Your task is to retype, exactly, the line containing "这些李鬼游戏坑了多少玩家" and every later line through the end of the listing, with pictures omitted.

Dataset content —
□ □ □ □ □

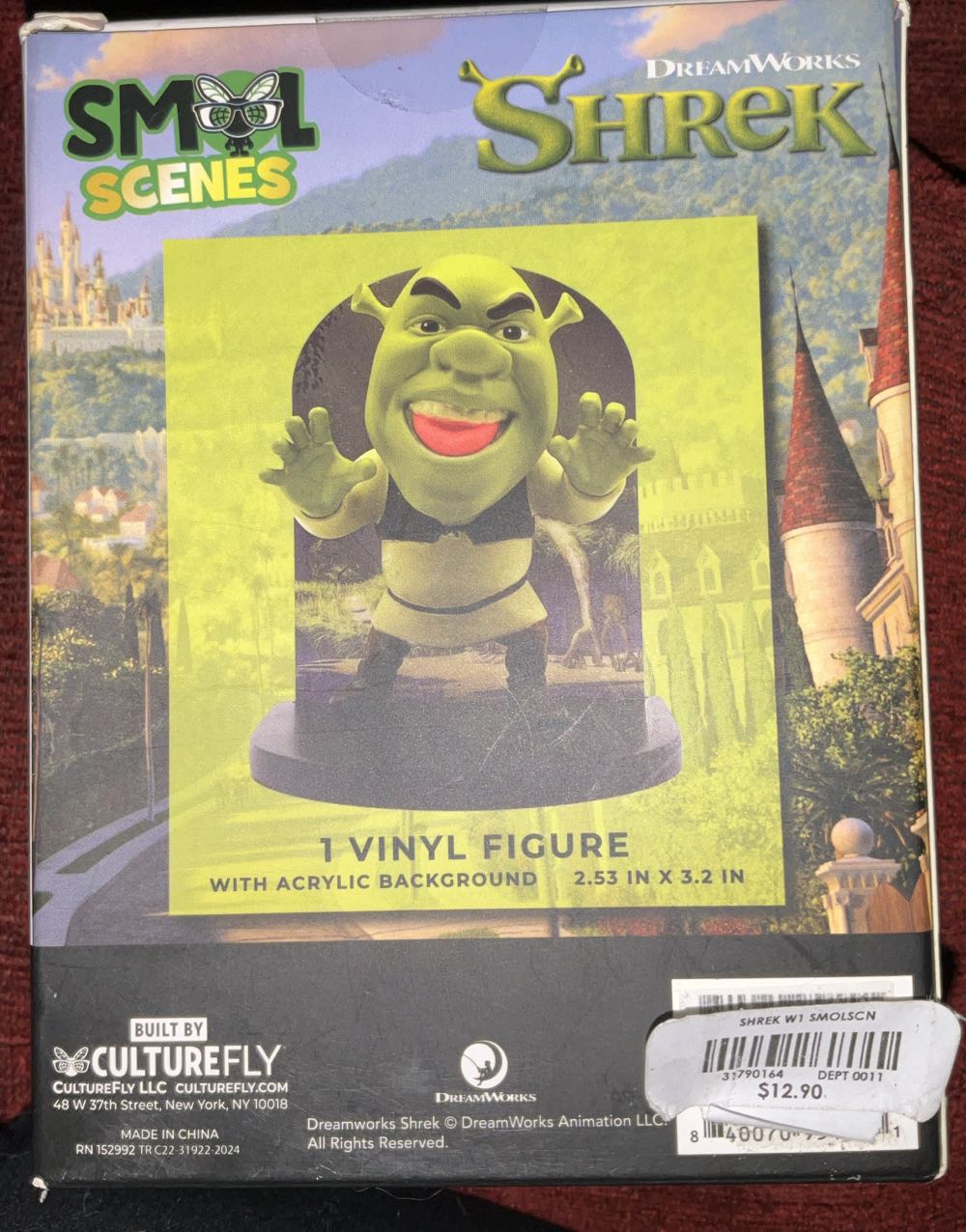 Shrek - Shrek vinyl figure collectible [Barcode 840070954991] - Main Image 2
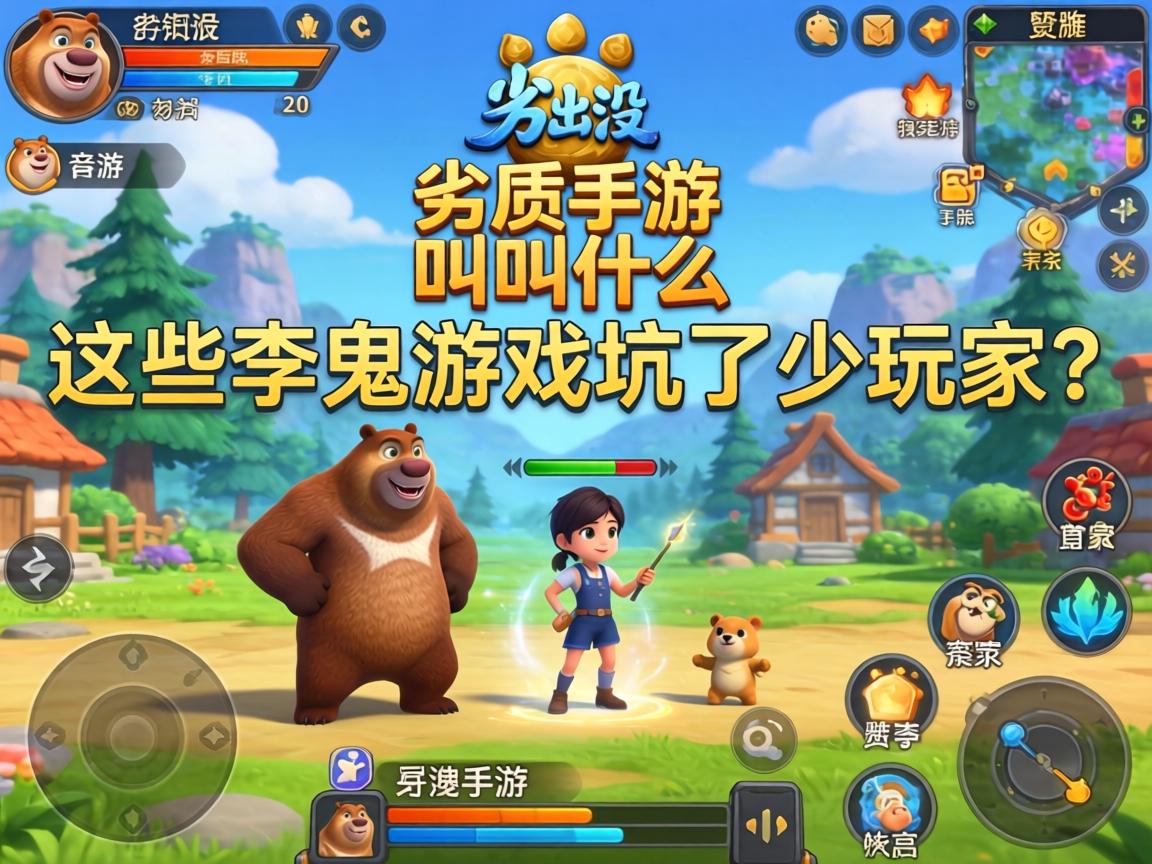 这些李鬼游戏坑了多少玩家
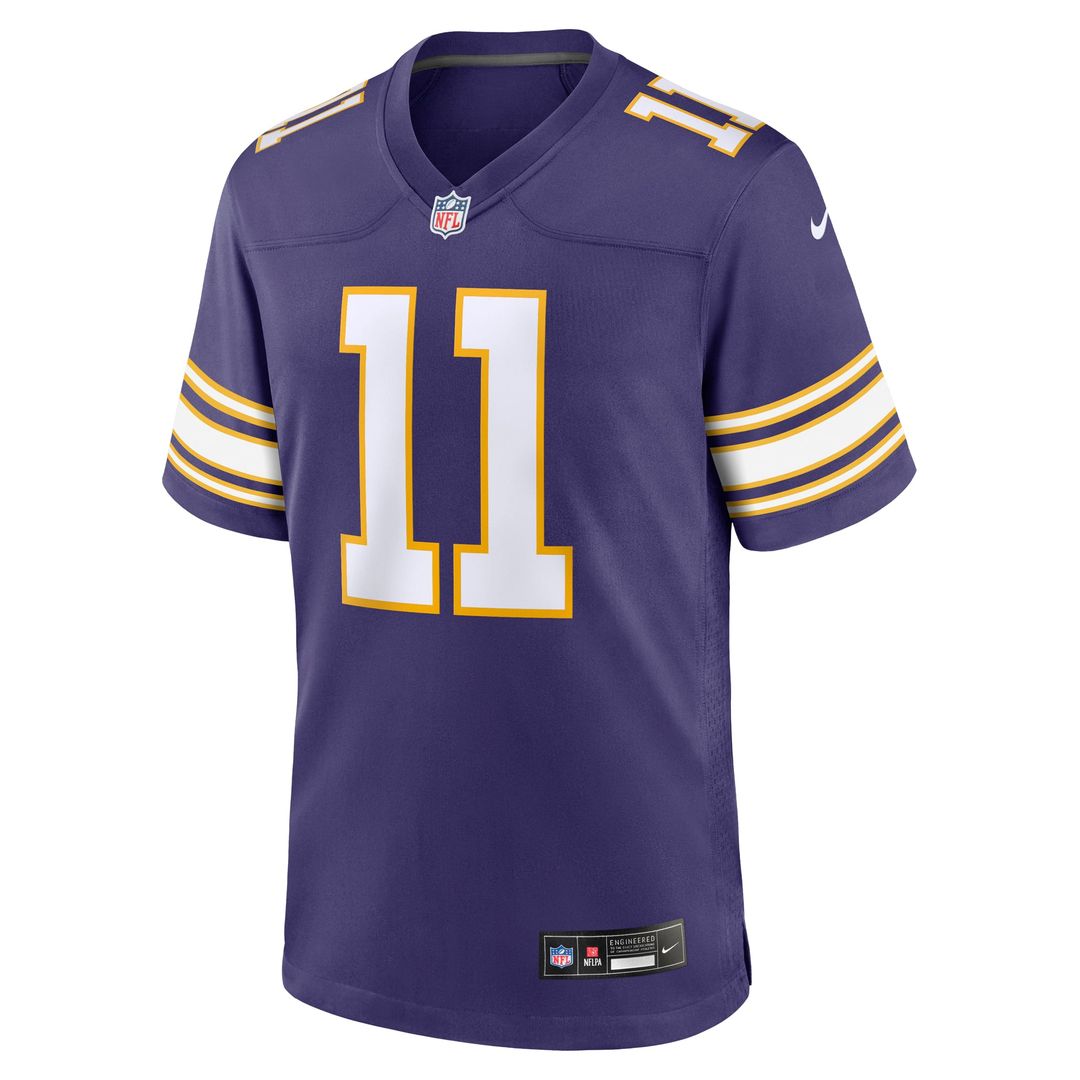 Men's Minnesota Vikings Daunte Culpepper Nike Purple Retired Player Alternate Game Jersey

□ □ □ □ □

Completed task —
 这些李鬼游戏坑了多少玩家
 Men's Minnesota Vikings Daunte Culpepper Nike Purple Retired Player Alternate Game Jersey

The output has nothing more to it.